# Data Cleaning Starter Notebook

Use this notebook to load raw ERCOT monthly CSV files and build cleaned tables.

In [None]:
from pathlib import Path
import pandas as pd

print('pandas:', pd.__version__)

In [None]:
RAW_ROOT = Path('data/raw/ercot')
PROCESSED_ROOT = Path('data/processed/ercot')
PROCESSED_ROOT.mkdir(parents=True, exist_ok=True)

datasets = sorted([p.name for p in RAW_ROOT.iterdir() if p.is_dir()]) if RAW_ROOT.exists() else []
print('Raw datasets found:', datasets)

In [None]:
def read_monthly_csv(dataset_id: str, usecols=None) -> pd.DataFrame:
    files = sorted((RAW_ROOT / dataset_id).glob('*/*/*.csv'))
    if not files:
        raise FileNotFoundError(f'No CSV files found for {dataset_id}')
    return pd.concat((pd.read_csv(f, usecols=usecols) for f in files), ignore_index=True)

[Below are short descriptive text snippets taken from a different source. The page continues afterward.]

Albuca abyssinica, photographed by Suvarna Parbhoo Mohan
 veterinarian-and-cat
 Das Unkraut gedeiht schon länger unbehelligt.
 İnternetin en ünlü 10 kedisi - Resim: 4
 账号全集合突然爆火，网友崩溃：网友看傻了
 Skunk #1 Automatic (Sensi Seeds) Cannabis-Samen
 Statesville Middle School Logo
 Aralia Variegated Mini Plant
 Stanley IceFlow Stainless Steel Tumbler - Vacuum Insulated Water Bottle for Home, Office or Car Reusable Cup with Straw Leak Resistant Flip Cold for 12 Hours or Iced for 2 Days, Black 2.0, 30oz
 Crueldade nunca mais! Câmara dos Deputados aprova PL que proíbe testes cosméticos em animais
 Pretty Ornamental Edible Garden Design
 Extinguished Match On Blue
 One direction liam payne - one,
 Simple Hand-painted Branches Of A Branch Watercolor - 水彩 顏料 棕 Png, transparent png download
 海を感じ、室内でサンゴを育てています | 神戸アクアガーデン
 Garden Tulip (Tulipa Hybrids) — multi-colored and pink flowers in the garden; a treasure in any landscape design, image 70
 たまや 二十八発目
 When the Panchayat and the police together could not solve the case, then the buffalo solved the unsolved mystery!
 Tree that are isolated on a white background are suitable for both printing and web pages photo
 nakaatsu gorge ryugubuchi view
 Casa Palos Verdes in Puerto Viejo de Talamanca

def parse_hour_ending(series: pd.Series) -> pd.Series:
    s = series.astype(str).str.strip().str.split(':').str[0]
    return pd.to_numeric(s, errors='coerce')

In [None]:
# Example 1: hourly load (NP6-346-CD)
try:
    load = read_monthly_csv('NP6-346-CD', usecols=['OperDay', 'HourEnding', 'TOTAL'])
    he = parse_hour_ending(load['HourEnding'])
    load['ts_local'] = pd.to_datetime(load['OperDay'], format='%m/%d/%Y', errors='coerce') + pd.to_timedelta(he - 1, unit='h')
    load = load.rename(columns={'TOTAL': 'load_mw'}).drop_duplicates(subset=['ts_local']).sort_values('ts_local')
    print('NP6-346 rows:', len(load), 'range:', load['ts_local'].min(), 'to', load['ts_local'].max())
    display(load.head())
except Exception as exc:
    print('NP6-346 sample skipped:', exc)

In [None]:
# Example 2: interval price (NP6-905-CD) -> hourly mean
try:
    price = read_monthly_csv('NP6-905-CD', usecols=['DeliveryDate', 'DeliveryHour', 'DeliveryInterval', 'SettlementPointPrice'])
    d = pd.to_datetime(price['DeliveryDate'], format='%m/%d/%Y', errors='coerce')
    dh = pd.to_numeric(price['DeliveryHour'], errors='coerce')
    di = pd.to_numeric(price['DeliveryInterval'], errors='coerce')
    price['ts_15m'] = d + pd.to_timedelta(dh - 1, unit='h') + pd.to_timedelta((di - 1) * 15, unit='m')
    price_hourly = (
        price.groupby(pd.Grouper(key='ts_15m', freq='H'), as_index=False)['SettlementPointPrice']
             .mean()
             .rename(columns={'ts_15m': 'ts_local', 'SettlementPointPrice': 'rt_price_mean'})
             .sort_values('ts_local')
    )
    print('NP6-905 hourly rows:', len(price_hourly), 'range:', price_hourly['ts_local'].min(), 'to', price_hourly['ts_local'].max())
    display(price_hourly.head())
except Exception as exc:
    print('NP6-905 sample skipped:', exc)

In [None]:
# Optional: write cleaned sample outputs
# Uncomment after validating results
# out_dir = PROCESSED_ROOT / 'examples'
# out_dir.mkdir(parents=True, exist_ok=True)
# load.to_parquet(out_dir / 'np6_346_hourly.parquet', index=False)
# price_hourly.to_parquet(out_dir / 'np6_905_hourly_mean.parquet', index=False)